Professor: Martin Bechthold (GSD), James Weaver (Wyss Insitute)
Teaching Fellow: Jonathan Grinham
Project Name: Hyxel
Group:Tiffany Cheng, Santiago Serna, Gabriele Librandi, Juan Pablo Ugarte
HYXEL is a 3D projection display system comprised of a voxel field of hydrogels and projector(s). The technology has advantages over more complex volumetric displays which rely on the laminar flow of fog. By embedding ferrous material within the hydrogels a magnetic field can be used to control and activate selected pixels.
Project Name: Thermo-Responsive Fabric
Group: Ji Hyuk Choi, Taehyun Jeon, Namju Lee
This fabric design responds to thermal changes by varying the scale of micro-scale porosities. The system consists of two separate membranes, one dimensionally stable and the other one swelling in response to moisture. As the second membrane swells, cavities within the surface get smaller to respond to outside thermal conditions.
Core Technology: Thermo-responsive Swelling
Material & Process:This experimentation is mainly done using 3d printing of swelling materials.

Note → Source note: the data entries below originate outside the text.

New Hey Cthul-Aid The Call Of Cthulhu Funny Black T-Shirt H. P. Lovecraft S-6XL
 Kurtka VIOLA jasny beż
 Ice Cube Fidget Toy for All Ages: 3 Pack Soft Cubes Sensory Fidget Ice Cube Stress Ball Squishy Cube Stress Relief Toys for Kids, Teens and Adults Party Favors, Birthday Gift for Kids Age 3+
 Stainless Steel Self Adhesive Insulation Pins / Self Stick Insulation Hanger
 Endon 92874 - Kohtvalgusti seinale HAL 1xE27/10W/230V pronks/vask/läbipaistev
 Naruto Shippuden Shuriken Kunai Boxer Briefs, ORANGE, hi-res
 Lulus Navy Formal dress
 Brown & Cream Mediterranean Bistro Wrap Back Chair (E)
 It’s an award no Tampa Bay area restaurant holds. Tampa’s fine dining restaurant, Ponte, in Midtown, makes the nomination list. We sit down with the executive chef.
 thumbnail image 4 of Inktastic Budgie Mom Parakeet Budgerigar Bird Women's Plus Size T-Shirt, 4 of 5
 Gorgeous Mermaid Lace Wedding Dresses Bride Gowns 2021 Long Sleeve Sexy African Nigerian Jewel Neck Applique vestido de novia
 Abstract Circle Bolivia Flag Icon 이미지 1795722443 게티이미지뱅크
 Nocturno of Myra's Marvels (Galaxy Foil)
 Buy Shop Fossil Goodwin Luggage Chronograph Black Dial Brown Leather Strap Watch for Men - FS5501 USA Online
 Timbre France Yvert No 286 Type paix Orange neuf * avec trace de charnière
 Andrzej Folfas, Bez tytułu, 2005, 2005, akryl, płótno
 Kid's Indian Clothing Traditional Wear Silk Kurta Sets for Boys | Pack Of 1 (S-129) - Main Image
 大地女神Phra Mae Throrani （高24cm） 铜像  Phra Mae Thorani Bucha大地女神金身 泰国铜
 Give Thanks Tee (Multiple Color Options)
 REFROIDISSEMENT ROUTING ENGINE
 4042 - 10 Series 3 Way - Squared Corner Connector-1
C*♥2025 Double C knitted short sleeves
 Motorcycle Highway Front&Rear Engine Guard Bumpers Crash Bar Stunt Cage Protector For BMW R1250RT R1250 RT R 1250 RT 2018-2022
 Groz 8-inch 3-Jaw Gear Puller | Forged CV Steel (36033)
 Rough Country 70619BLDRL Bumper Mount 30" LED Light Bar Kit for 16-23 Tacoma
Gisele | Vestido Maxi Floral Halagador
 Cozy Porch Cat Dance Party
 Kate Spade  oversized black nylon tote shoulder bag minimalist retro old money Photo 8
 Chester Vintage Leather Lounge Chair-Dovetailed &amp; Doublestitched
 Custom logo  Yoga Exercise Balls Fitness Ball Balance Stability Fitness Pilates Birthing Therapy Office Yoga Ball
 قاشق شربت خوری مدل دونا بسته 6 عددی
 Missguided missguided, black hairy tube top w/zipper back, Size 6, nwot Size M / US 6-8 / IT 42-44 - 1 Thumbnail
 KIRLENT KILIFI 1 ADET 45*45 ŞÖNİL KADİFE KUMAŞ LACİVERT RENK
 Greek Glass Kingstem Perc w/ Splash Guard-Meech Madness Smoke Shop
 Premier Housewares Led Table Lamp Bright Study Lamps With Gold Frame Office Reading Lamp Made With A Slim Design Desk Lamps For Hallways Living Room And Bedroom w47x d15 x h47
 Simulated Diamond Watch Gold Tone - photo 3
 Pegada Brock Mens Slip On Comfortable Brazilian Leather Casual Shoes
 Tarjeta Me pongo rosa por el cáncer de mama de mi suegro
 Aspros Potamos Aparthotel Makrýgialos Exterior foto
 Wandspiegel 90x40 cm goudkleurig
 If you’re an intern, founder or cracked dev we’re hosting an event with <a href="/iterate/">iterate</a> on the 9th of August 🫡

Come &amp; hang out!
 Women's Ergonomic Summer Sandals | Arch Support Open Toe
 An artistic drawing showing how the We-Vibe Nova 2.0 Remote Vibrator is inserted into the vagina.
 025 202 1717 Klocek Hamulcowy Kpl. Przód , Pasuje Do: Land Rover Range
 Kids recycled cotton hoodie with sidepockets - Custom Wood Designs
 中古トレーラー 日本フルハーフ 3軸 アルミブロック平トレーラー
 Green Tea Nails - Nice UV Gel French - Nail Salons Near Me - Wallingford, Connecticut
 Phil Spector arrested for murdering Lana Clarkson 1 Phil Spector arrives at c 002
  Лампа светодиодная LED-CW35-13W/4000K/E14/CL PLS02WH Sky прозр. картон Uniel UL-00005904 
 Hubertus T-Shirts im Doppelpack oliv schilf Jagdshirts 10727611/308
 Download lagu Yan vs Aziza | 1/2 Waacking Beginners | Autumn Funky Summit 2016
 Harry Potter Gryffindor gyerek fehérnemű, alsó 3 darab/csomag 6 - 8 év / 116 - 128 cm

The starting point were basic shapes for measuring the capacity of swelling, leading to more complex structures that maximize transformation by catalysis. A computational simulation model was created based on the experimentally measured data.
Project Name: HydroPanel
Group: Andrew Kim, Hae Young Kim, Hyeji Yang
Considering hydrogel as a new architectural material, HydroPanel studies the actuation of environmentally responsive façade systems. Current technology for kinetic façade systems relies heavily on a mechanical paradigm based on actuator that take up a lot of space and involve intricate mechanical systems to operate. By utilizing the material properties of hydrogel, HydroPanels can operate through changes in humidity level, reducing the need for failure-prone mechanisms.
Project Name: RheoTile
Group: Aziz Barber, Akshay Goyal, Myrna Ayoub
Rheotile is a dynamic building system panel that enables homeostasis using water responsive modules for climatic response. The novel panels manage light, air flow, cooling, and dehumidification. Inspired by the Namib Beetle, the component has a condensation screen head made of bohometized aluminum [hydrophobic] with custom designed surface bumps and water flow channels [hydrophilic]. The water generated is used to actuate a multi-material 3D printed fin where the actuation mechanism is based on triggering swell-able hinges. The product is an easy modular system with no mechanized parts and a quick assembly that is both scalable and low maintenance.
Project Name: Acoustically Tunable Tiles
Group: Palak Gadodia, Alkistis Mavroedi, Roma Patel, Fiorella Vargas.
Mechanical instabilities in periodic porous elastic structures may lead to the formation of homogeneous patterns, opening avenues for a wide range of applications that are related to the geometry of the system. This study focuses on an elastomeric porous structure comprising of a triangular array of circular holes. The project shows that by controlling the loading direction, multiple pattern transformations can be induced through buckling. These different pattern transformations can be exploited to design materials with highly tunable properties.
Project Name: HydroWall
Group: Peregrine Badger, Bianca Datta, Shreejay Tuladhar
HydroWall is a modular, self-actuated, durable, flood-defense mechanism. It uses a hydrogel base for columns that swells with incoming floods to lift the protective barrier to prevent further flooding. The system can be covered with grass or other landscaping elements to ensure that a property is subtly but attractively protected. It is an automatic, self-deploying, convenient alternative to sandbags and floodgates involving no labor in the case of flooding.